Het Lelietje-der-dalen is een overblijvende plant
die plaatselijk vrij algemeen voorkomt.
Hij prefereert zonnige bossen en bosranden
en houdt van een kalkrijke bodem.
Ondanks het feit dat hij niet groter wordt dan 20 cm,
dringen de wortels tot wel 50 cm de bodem in.
De vaak twee breed lancetvormige grondbladeren staan rechtop.
Ze hebben een glad en glanzend oppervlak en een gave rand.
Hiertussen bevindt zich de ronde, onbehaarde stengel met aan het eind
enkele bloemtrossen die min of meer één kant opdraaien.

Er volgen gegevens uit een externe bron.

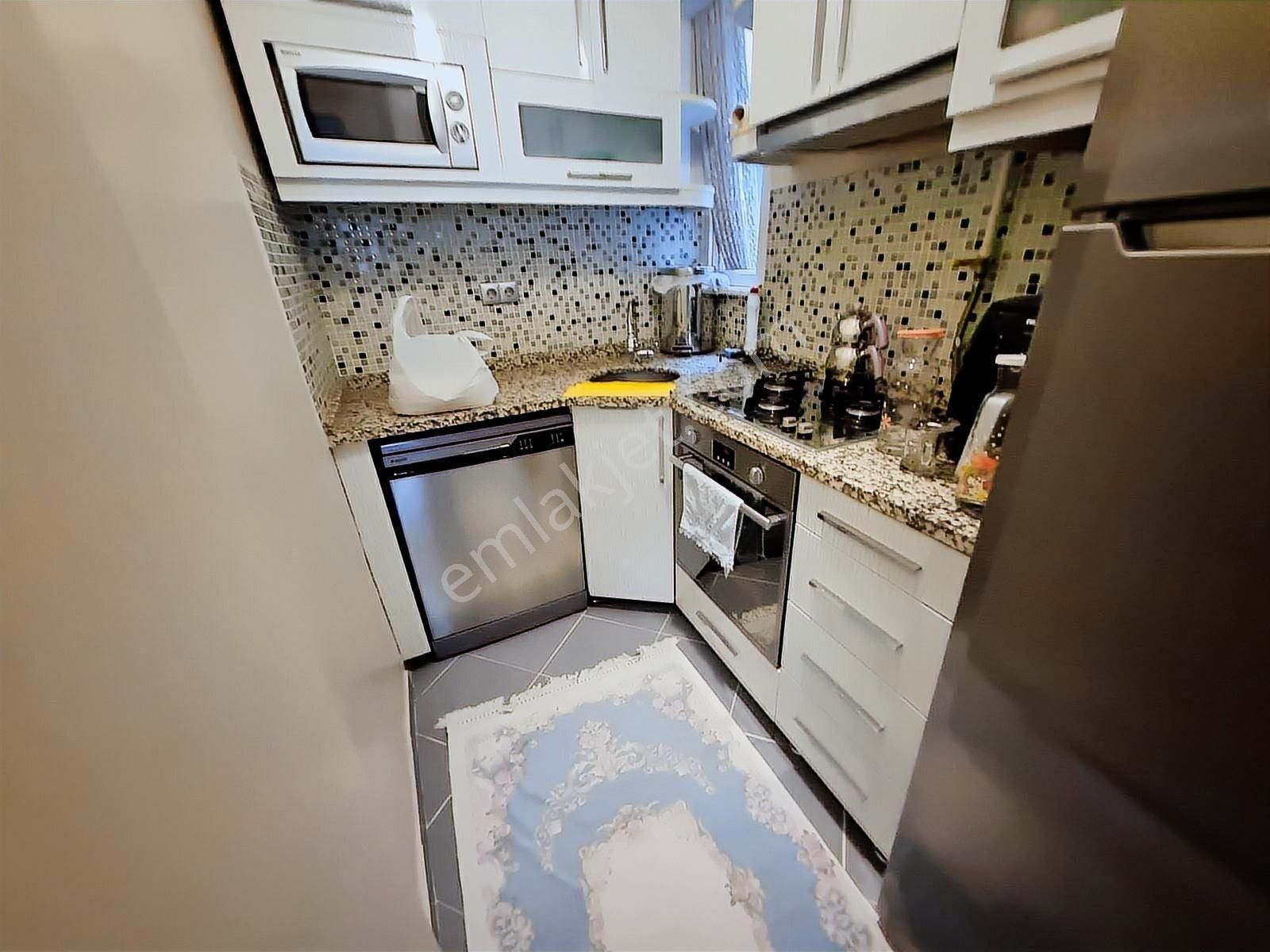 Cerrahpaşa Tıp Fakültesi Karşısı 3.kat 80mk 2+1 Ful Yapılı Temiz - Görsel 21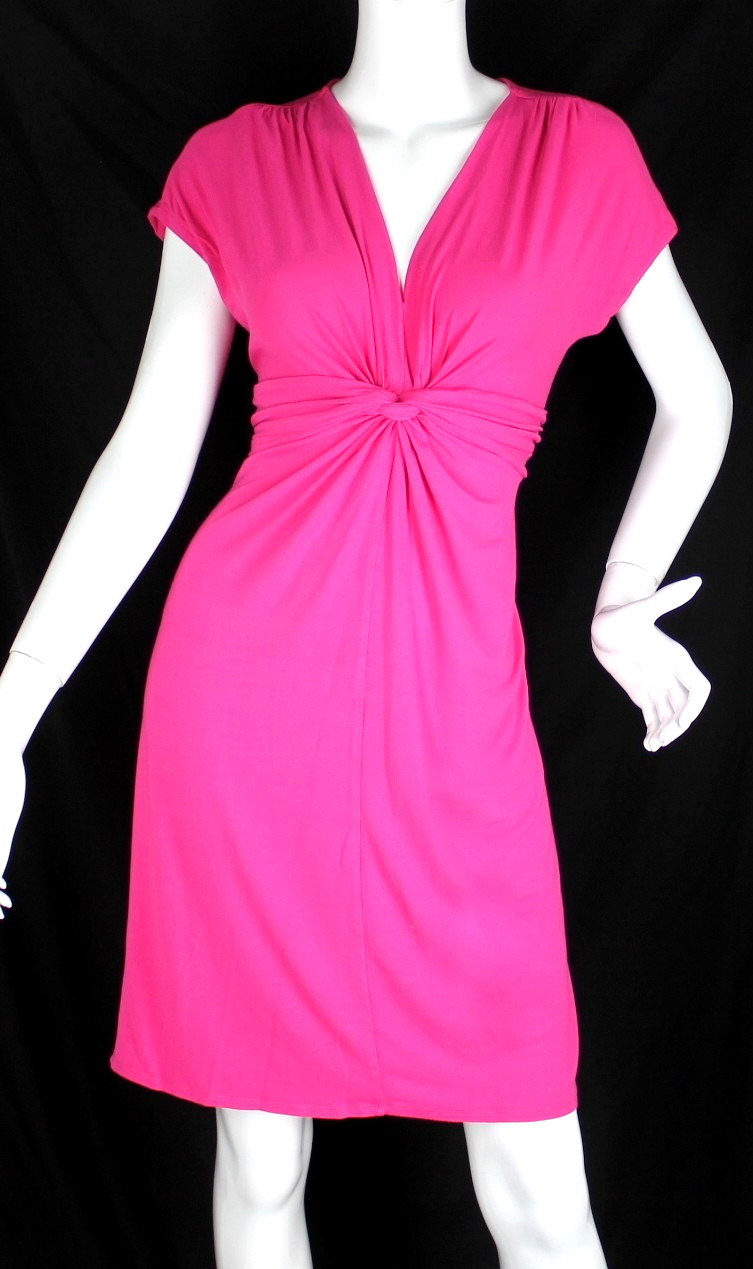 {NEW YORK & COMPANY} Dress Sheath Sz. M Hot Pink V Neck Jersey Stretch Summer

Een tros draagt 5 – 10 alleenstaande witte, klokvormige bloempjes.
Deze geuren sterk maar bevatten geen nectar.
In plaats daarvan bevindt zich aan de basis van het vruchtbeginsel
een saprijk weefsel dat door insekten gegeten wordt.
Het stuifmeel dwarrelt uit de hangende bloemen op de insekten.
De bloei vindt plaats in de maanden mei en juni.
De vruchten bestaan uit oranjerode bessen maar het zijn vooral
de wortelstokken waardoor de plant zich vermeerdert.
De hele plant is zeer giftig door op het hart werkende stoffen.